### TASK INPUT
□ □ □ □ □ □ □

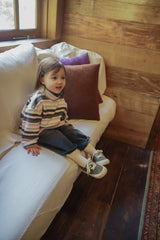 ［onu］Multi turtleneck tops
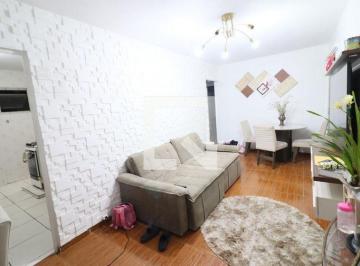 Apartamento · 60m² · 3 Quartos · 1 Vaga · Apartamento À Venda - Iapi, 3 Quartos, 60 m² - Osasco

□ □ □ □ □ □ □

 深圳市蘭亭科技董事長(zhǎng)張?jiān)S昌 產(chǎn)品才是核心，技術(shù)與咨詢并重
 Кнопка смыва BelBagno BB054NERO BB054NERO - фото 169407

□ □ □ □ □ □ □

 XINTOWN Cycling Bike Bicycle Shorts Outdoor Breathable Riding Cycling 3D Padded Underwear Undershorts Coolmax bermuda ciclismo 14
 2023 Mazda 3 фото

□ □ □ □ □ □ □

### WORK REQUEST
Copy task for the entries above: every line with the string "фото".

### EXERCISE RESPONSE
 Кнопка смыва BelBagno BB054NERO BB054NERO - фото 169407
 2023 Mazda 3 фото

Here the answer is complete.